● WORK INSTRUCTIONS
What are the lines below, starting at the line containing "Africana! Elephant - Kenya" and ending at the line containing "0.15ct. CZ Solid"? Write them out exactly, ends included, without pictures.

● INFORMATION GIVEN
--- START ---

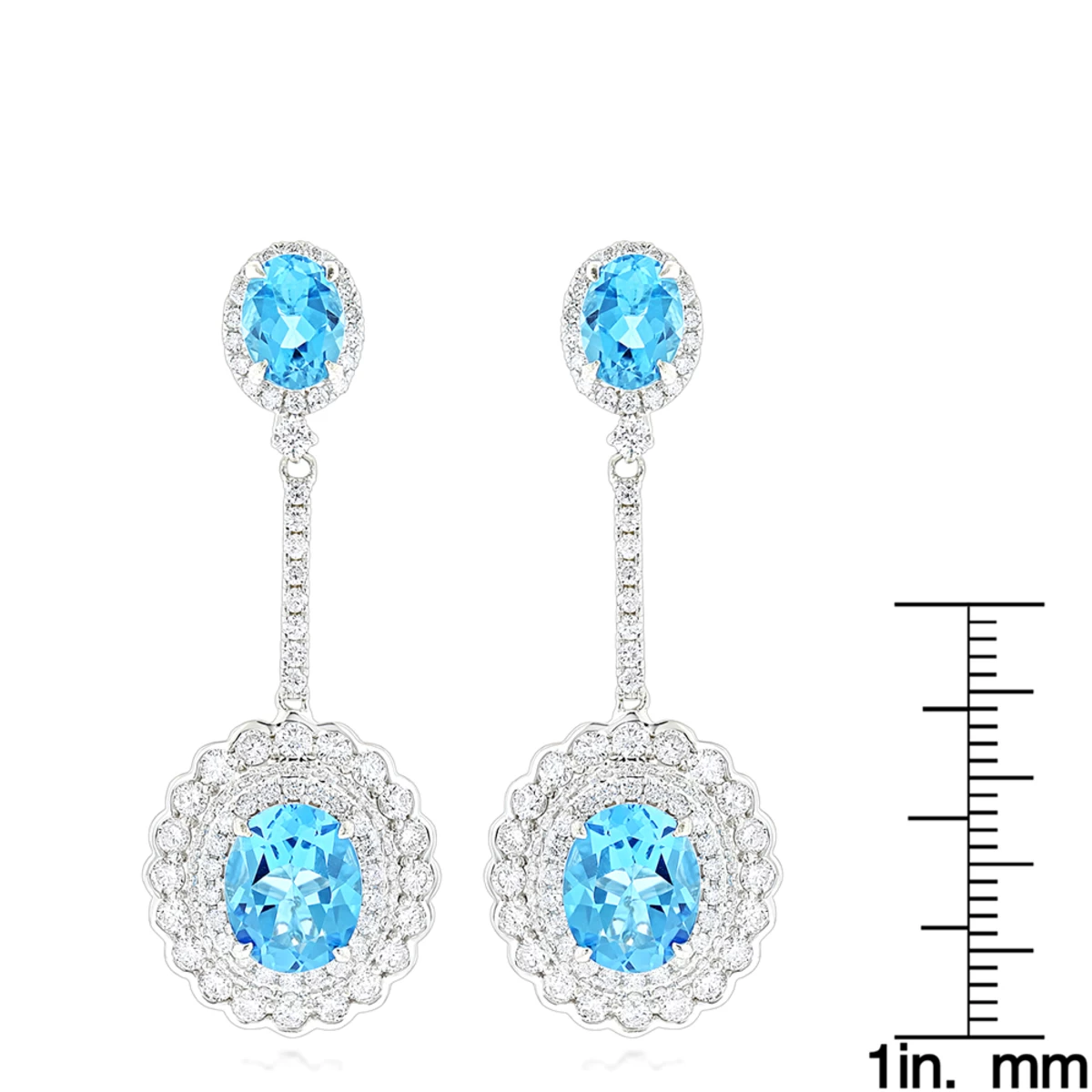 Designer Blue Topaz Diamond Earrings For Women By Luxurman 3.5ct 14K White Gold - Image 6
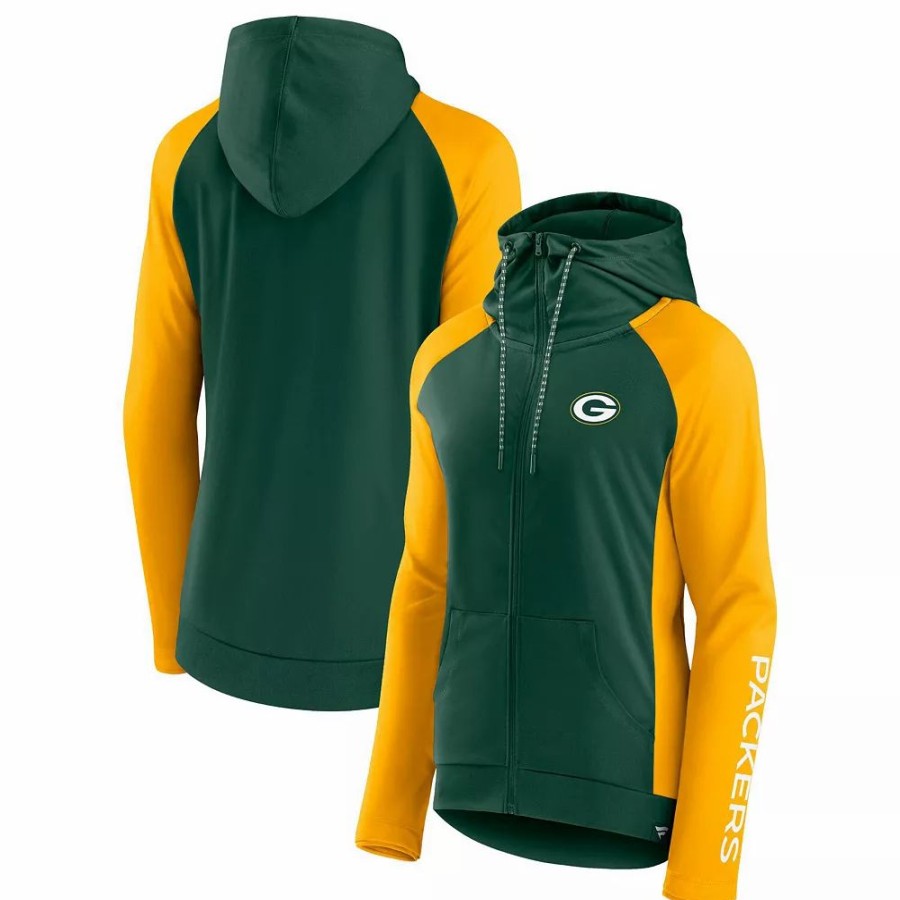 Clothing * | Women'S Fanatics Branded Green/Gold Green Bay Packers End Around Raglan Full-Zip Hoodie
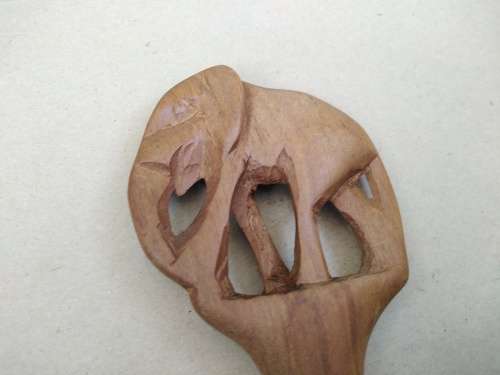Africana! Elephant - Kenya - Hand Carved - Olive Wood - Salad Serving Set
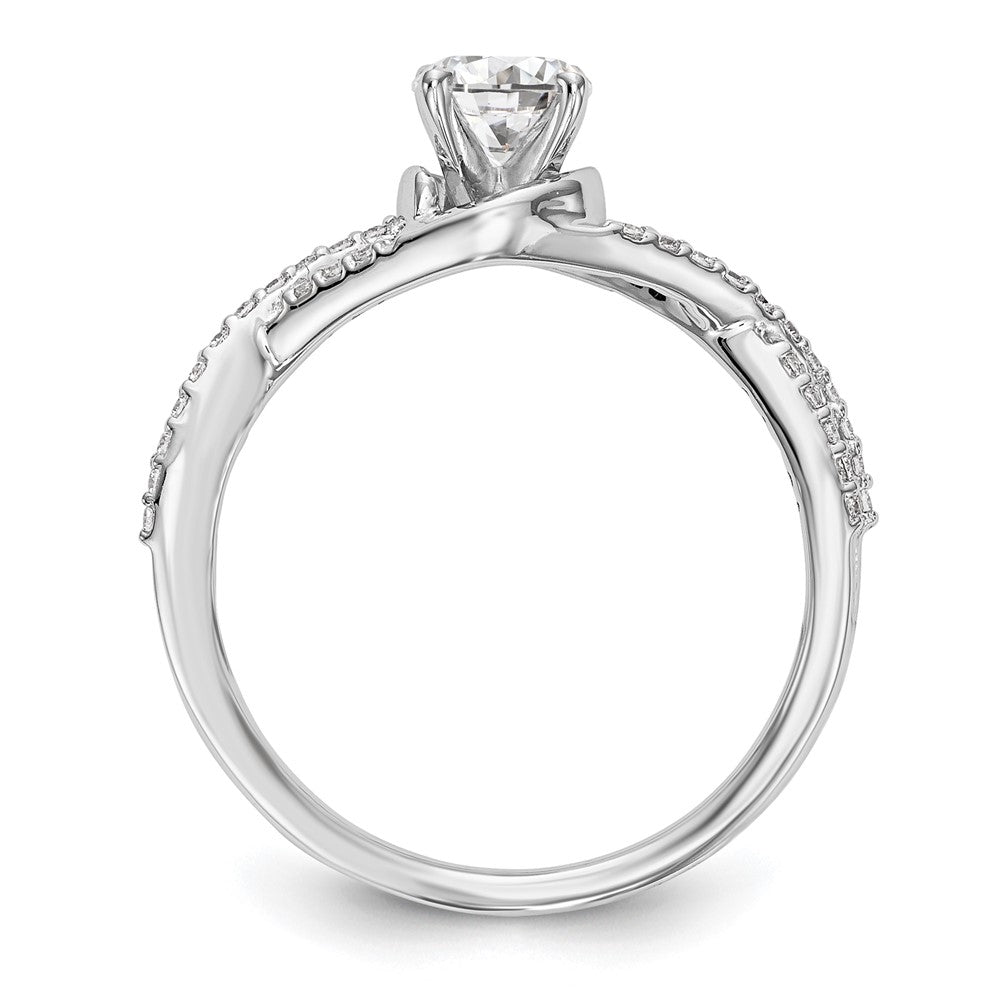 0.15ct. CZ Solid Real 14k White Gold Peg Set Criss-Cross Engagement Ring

--- END ---
--- START ---

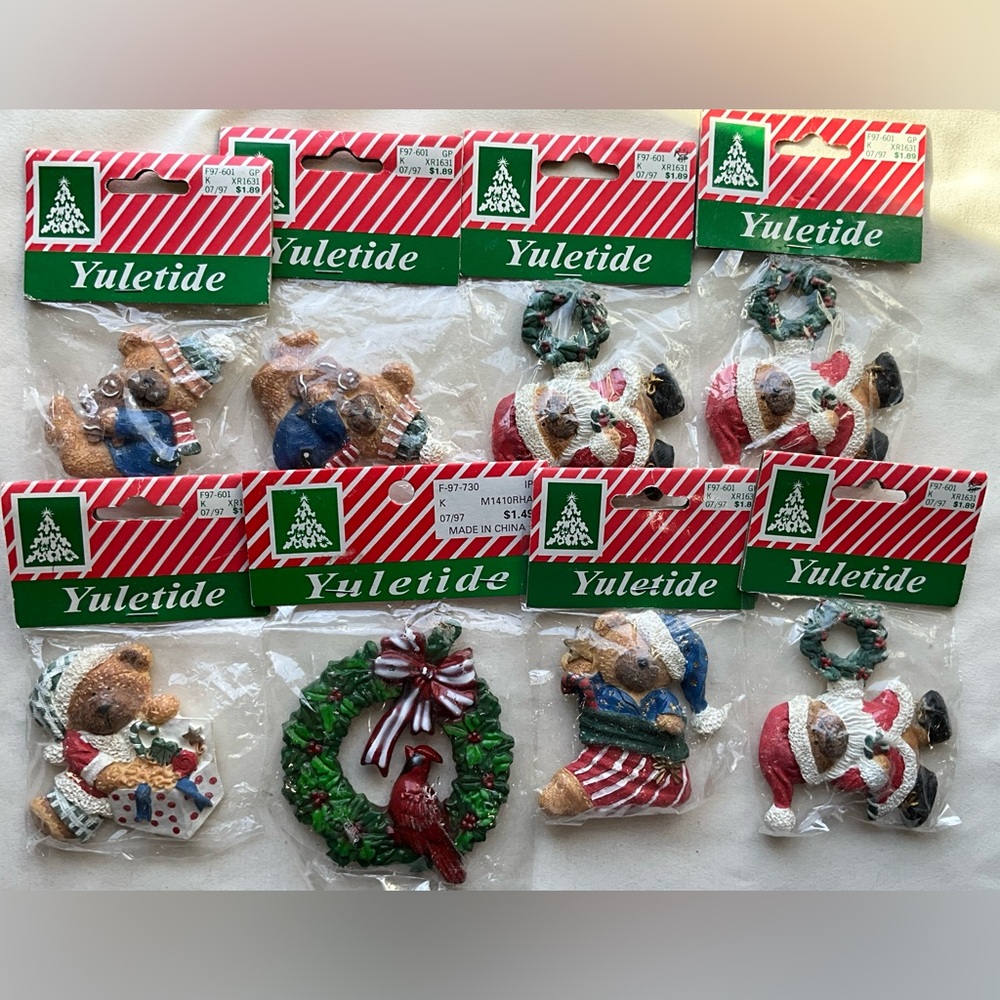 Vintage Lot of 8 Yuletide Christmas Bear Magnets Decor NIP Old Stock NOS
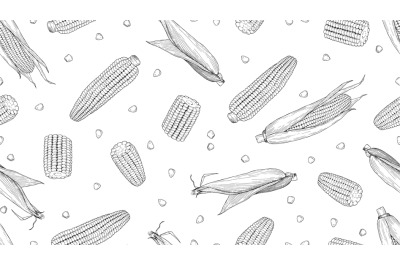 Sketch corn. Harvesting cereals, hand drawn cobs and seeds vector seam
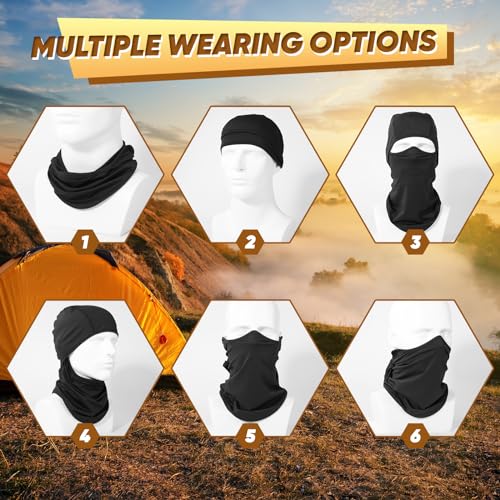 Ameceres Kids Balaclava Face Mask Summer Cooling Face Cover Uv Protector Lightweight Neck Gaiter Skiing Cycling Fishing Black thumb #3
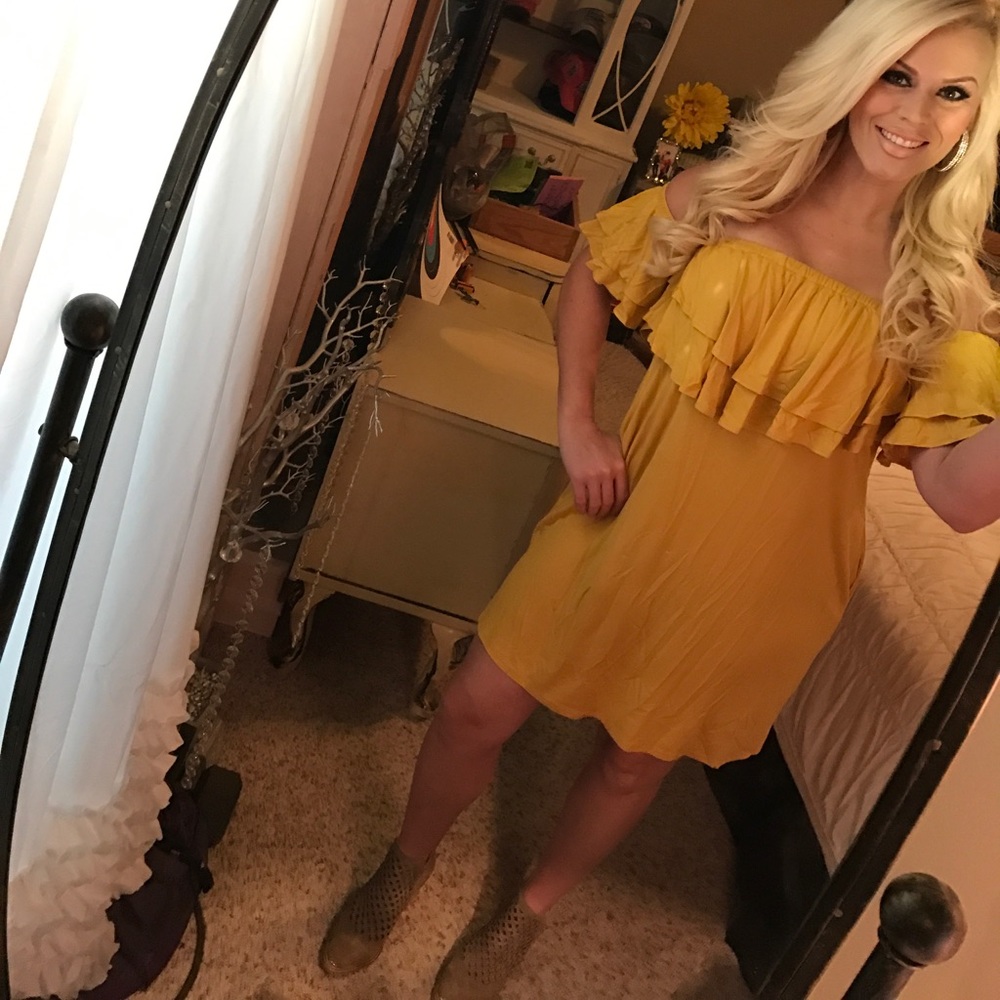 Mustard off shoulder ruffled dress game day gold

--- END ---
--- START ---

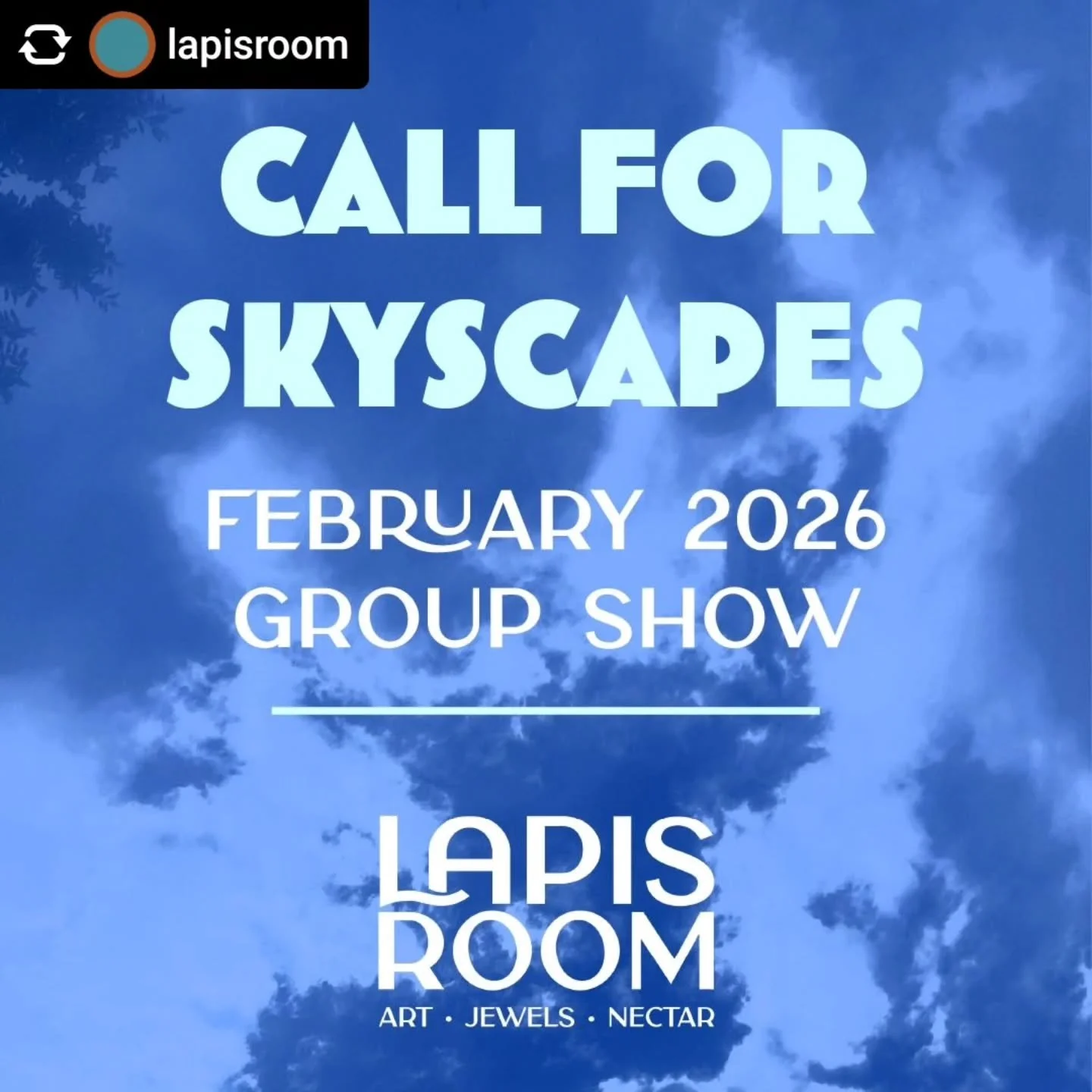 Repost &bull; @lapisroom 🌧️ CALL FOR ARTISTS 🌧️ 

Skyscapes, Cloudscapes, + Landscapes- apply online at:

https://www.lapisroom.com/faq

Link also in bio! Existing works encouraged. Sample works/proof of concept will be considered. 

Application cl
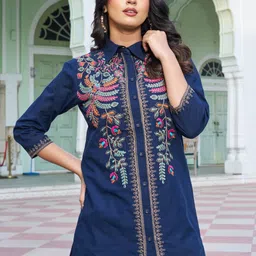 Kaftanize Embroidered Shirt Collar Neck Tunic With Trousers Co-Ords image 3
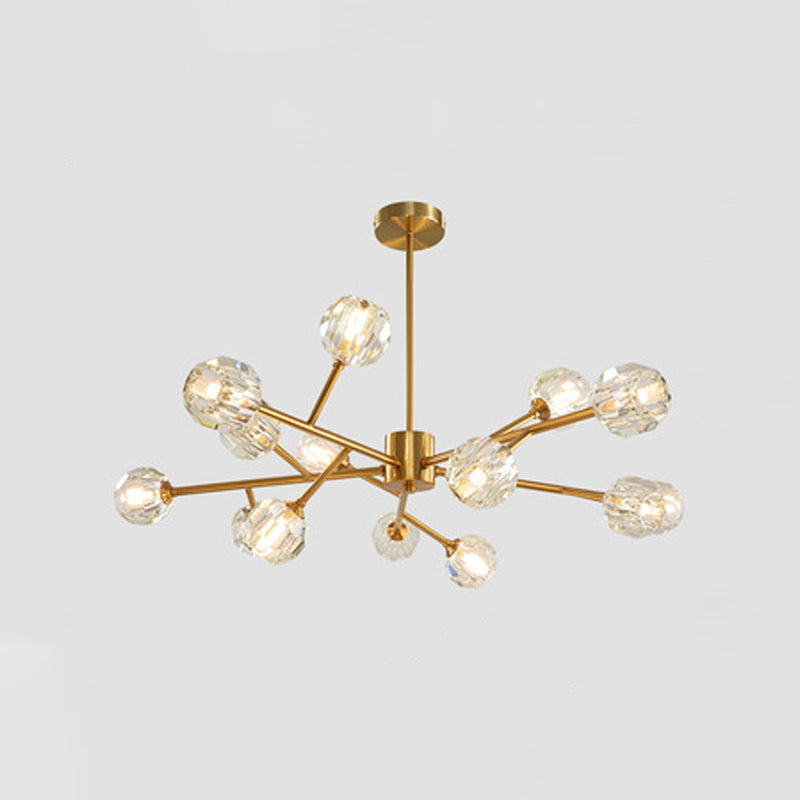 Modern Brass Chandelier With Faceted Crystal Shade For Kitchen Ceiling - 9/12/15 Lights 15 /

--- END ---

● EXERCISE OUTPUT
Africana! Elephant - Kenya - Hand Carved - Olive Wood - Salad Serving Set
 0.15ct. CZ Solid Real 14k White Gold Peg Set Criss-Cross Engagement Ring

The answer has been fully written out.